Dirigida por Santiago Mitre, a narrativa mostra como o promotor Julio Strassera (Ricardo Darín) e seu adjunto, Moreno Ocampo (Peter Lanzani), conduziram a acusação contra os nove dirigentes militares no poder entre 1976 e 1983, em um clima de grande tensão após uma ditadura brutal.
Em entrevista à AFP na Califórnia, onde mora atualmente, Moreno Ocampo destacou a recepção positiva do filme em países como Brasil e Espanha, que atravessaram ditaduras militares que não enfrentaram os tribunais.
“Na transição da ditadura para a democracia, não investigaram o passado”, afirma o advogado. O julgamento da Junta na Argentina "transformou a perspectiva do país (...) Esse processo faltou no Brasil, onde temiam que os militares pudessem se envolver em um golpe num futuro próximo".
Segundo Moreno Ocampo, “os militares não são o problema, porque eles cumprem ordens. São as elites, se suas elites apoiam um golpe de Estado, você tem um problema”.
“Isso é uma coisa que não entendem no Brasil, mas até nos Estados Unidos não entendem”, acrescenta, referindo-se ao ataque de janeiro de 2021 ao Capitólio, nos últimos dias da presidência de Donald Trump, ao qual o ataque de janeiro passado às sedes dos Três Poderes em Brasília foi muito comparado.
“Batalha pela memória”
Hoje com 70 anos, Moreno Ocampo tinha apenas 32 e pouca experiência quando trabalhou no caso, mas para ele era claro que precisava convencer não só os juízes, mas também a opinião pública da Argentina. Algo que “Argentina, 1985” também está fazendo, aponta.
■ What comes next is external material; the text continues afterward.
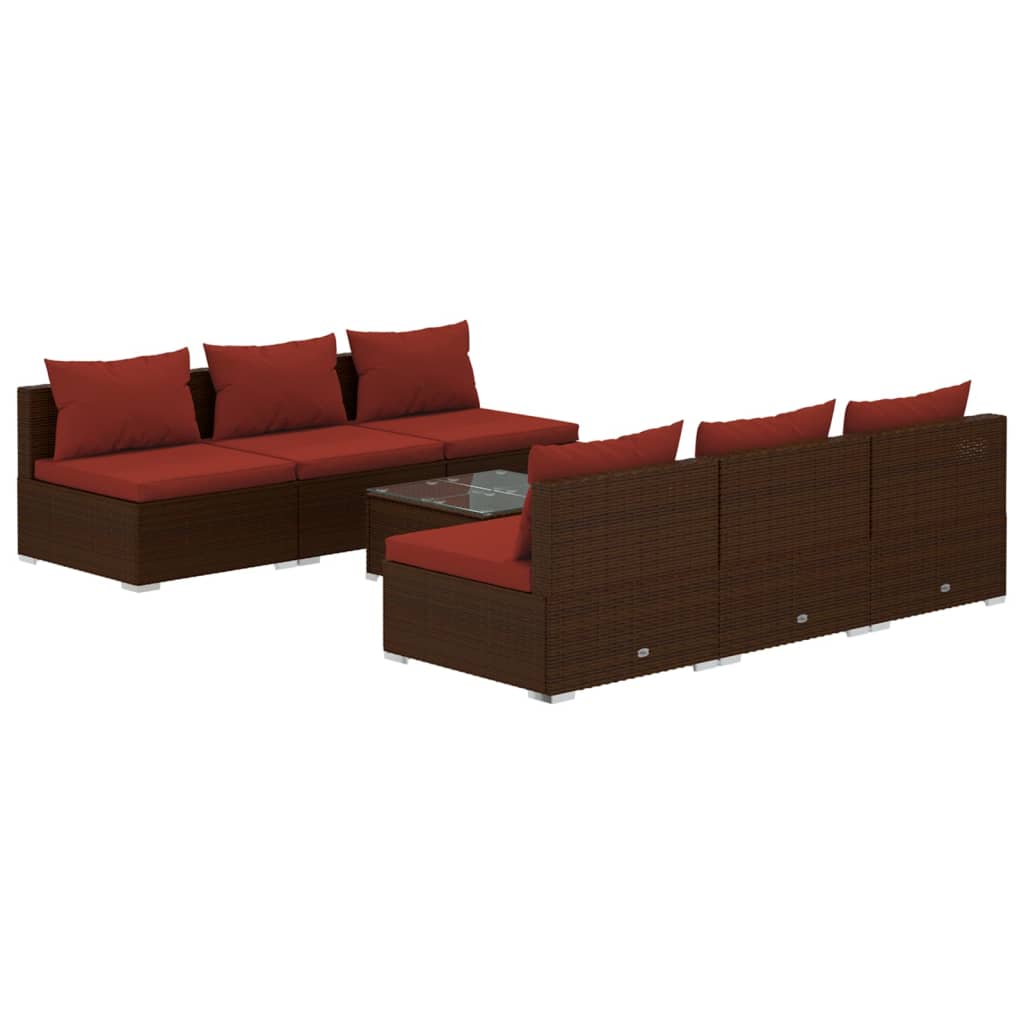 Set muebles de jardín 7 piezas y cojines ratán sintético marrón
“É preciso ganhar o caso no tribunal, mas depois vem uma batalha pela memória”, avalia. “Venci a batalha pelo entendimento em 1985. Mas agora, Santiago Mitre e Ricardo Darín estão vencendo a batalha pela memória. E isso é único", acrescenta o ex-procurador-chefe do Tribunal Penal Internacional (2003-2012).
Vindo de uma família de tradição militar, Moreno Ocampo conta que sua própria mãe estava contra ele. “Minha mãe frequentava a missa com o ditador Jorge Videla!”
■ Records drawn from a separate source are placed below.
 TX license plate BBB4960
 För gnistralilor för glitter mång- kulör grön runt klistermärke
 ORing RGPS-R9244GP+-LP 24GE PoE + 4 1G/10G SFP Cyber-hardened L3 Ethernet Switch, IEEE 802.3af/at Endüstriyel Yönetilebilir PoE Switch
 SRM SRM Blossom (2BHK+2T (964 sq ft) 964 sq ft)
Mas como revela uma das cenas mais dolorosas do filme, o angustiante depoimento de uma mulher obrigada a parir algemada dentro de uma viatura a fez mudar de opinião.
“No dia seguinte, minha mãe me ligou (...). Disse: 'continuo gostando do general Videla, mas você tem razão, ele tem que ser preso'”, lembra Moreno Ocampo.
Isso encheu de otimismo o então promotor adjunto que, com Strassera e uma equipe de jovens inexperientes, construiu um processo que levou às condenações de seis dos militares, incluindo Videla, um feito para a América Latina, marcada naqueles anos por violentas ditaduras.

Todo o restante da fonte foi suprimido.